In the ship detection and fine-grained recognition comparison experiments, the M-ReDet and RoI Transformer, SASM, ReDet, R3Det, Faster RCNN, Rotated RetinaNet, GWD, S2ANet, KFIoU, LSKNet [37] algorithms use the same experimental hyper-parameters and the remote sensing ship images used for training are cropped to 1024 × 1024 size. The mAP0.5 of M-ReDet is 43.29%, which is higher than the above algorithms by 7.85%, 13.71%, 2.78%, 13.46%, 12.11%, 18.61%, 13.57%, 9.59%, 7.7% and 3.17%, respectively. M-ReDet has the highest AP-max and AP-min, which reflects from the side that the algorithm in this paper uses the SOPM and SFRM modules to enhance the size of the receptive field so that the M-ReDet can extract more contextual information, which can enhance the detection accuracy of the ship objects of all size of ships. Table 6 shows the detection results of various algorithms on the FAIR1M(ship) dataset.

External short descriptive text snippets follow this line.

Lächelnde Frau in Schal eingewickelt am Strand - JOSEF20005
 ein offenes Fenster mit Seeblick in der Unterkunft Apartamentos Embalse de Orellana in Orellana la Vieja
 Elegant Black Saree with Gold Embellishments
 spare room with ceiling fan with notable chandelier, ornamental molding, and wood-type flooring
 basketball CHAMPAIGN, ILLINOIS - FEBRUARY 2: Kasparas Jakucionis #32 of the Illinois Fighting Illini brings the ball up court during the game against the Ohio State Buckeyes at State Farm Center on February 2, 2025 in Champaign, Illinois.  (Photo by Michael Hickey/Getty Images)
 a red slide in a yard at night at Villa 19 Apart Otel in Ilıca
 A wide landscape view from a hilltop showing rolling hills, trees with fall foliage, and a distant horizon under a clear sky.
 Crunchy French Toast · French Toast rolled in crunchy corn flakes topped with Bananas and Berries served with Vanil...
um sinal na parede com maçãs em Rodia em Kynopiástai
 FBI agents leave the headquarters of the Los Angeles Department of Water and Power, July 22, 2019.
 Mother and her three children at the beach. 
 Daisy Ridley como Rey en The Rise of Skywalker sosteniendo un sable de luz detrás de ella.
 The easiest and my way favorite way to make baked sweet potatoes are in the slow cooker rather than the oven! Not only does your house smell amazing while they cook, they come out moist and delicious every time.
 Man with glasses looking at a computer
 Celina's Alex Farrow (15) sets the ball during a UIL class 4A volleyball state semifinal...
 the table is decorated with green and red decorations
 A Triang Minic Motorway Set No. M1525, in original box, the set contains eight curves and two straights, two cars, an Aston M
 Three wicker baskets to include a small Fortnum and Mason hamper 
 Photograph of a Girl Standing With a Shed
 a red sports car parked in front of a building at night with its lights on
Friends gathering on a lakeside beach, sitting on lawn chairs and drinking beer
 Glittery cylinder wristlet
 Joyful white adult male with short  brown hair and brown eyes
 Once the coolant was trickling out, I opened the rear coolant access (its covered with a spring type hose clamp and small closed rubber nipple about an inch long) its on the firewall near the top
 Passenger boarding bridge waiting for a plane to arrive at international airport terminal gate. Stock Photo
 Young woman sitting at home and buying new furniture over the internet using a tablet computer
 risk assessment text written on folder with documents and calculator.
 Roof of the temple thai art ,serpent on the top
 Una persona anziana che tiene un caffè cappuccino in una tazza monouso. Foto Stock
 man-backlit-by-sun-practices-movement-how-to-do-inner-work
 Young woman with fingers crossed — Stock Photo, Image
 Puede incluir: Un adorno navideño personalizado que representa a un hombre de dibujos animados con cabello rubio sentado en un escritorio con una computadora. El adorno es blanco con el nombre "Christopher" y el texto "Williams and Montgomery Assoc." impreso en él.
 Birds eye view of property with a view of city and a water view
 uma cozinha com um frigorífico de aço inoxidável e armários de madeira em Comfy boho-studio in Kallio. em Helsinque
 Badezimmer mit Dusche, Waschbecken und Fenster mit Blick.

There are nine categories of ship objects in the FAIR1M(ship) dataset. The detection and fine-grained recognition accuracy of ships is proportional to the number of instances of this category, except that there are many ships in the category of “other-ships” that do not have subdivided categories or the category determination information is ambiguous, which results in their detection and fine-grained recognition accuracy of only 15.9%. The M-ReDet algorithm has the highest detection accuracy for “Dry-Cargo-Ship,” with an AP of 71.20%. The “Motorboat” has 7921 instances, but because of its small size, the overall AP is lower than “Dry-Cargo-Ship” at 64.7%. Table 7 shows the training results for each of the nine categories of ships.
Table 8 demonstrates the AP values of 9 types of ships detected by the 11 algorithms, respectively, to show more clearly the impact of the M-ReDet algorithm on the detection and fine-grained recognition of various types of ships. As seen from the table, the M-ReDet algorithm achieves the optimal AP in the detection results of 7 classes of ships. It is lower than the LSKNet and ReDet only in Passenger-Ship and W-ship detection results.
After 15 epochs of training, the mAP0.5 of the M-ReDet algorithm is finally stabilized near 43.29%; because of the addition of M-Bottleneck, stabilizing the internal parameters of the module requires more training epochs of updating, and its convergence speed is slightly slower compared to the other algorithms. However, it has the highest accuracy of ship detection and fine-grained recognition, which is shown in Fig 13 for the comparison of the M-ReDet algorithm with the other 10 algorithms. Fig 13 shows the training results of all algorithms.
Ablation experiments
The M-ReDet mainly consists of the M-ReResNet50, M-ReFPN and detection head, where the SFRM adds the M-Bottleneck and initializes it as configured in subsection 3.2. The SFRM and the FPN constitute the M-ReFPN module together. Table 9 shows the results of the ablation experiments of M-ReDet, which mainly investigate the effects of the SOPM, SFRM, KFIoU and Focal Loss alone or both or together on the mAP0.5 of the M-ReDet algorithm, and the results of the ablation experiments are as follows.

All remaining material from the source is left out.